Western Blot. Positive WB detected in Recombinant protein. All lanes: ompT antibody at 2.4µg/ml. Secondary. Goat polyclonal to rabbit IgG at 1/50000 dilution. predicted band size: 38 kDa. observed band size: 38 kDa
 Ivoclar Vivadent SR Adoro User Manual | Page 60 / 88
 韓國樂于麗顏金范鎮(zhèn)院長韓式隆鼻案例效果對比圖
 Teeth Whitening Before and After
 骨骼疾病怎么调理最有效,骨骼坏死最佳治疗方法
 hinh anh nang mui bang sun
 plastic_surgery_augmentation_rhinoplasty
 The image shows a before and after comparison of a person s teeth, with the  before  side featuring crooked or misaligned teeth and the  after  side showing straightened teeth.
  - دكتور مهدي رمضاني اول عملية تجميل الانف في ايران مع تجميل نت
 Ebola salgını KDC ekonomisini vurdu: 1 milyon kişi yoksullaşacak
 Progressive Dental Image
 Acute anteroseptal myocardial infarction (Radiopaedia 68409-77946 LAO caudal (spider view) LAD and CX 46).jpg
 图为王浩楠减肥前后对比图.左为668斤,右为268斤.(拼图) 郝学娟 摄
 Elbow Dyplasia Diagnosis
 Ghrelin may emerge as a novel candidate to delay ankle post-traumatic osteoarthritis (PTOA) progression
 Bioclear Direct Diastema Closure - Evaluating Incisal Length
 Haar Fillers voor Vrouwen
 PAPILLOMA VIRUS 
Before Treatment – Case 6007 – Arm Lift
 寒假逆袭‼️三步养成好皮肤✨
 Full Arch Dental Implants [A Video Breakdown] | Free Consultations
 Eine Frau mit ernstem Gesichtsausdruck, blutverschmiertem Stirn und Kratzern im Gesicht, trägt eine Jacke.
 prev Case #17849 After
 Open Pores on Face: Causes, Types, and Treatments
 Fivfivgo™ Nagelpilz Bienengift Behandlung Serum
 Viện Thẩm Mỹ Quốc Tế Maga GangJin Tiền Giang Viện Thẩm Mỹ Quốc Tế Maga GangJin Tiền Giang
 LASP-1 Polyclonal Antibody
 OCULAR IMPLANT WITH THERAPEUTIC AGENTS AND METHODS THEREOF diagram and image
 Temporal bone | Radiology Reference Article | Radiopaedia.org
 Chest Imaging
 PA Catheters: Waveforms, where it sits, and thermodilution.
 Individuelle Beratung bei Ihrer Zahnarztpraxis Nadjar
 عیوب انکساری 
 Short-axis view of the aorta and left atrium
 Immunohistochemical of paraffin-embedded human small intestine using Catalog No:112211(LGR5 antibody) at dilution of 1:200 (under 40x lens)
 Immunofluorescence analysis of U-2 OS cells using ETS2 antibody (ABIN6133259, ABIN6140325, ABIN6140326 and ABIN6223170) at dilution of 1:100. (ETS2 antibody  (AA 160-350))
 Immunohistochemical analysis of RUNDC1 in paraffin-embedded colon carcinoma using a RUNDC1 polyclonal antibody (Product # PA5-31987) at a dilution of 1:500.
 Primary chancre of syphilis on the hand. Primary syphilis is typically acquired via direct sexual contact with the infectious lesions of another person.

************

— Task requirements —
Could you copy each line from the listing that has the word "Immunohistochemical" in it?

— Expected answer —
 Immunohistochemical of paraffin-embedded human small intestine using Catalog No:112211(LGR5 antibody) at dilution of 1:200 (under 40x lens)
 Immunohistochemical analysis of RUNDC1 in paraffin-embedded colon carcinoma using a RUNDC1 polyclonal antibody (Product # PA5-31987) at a dilution of 1:500.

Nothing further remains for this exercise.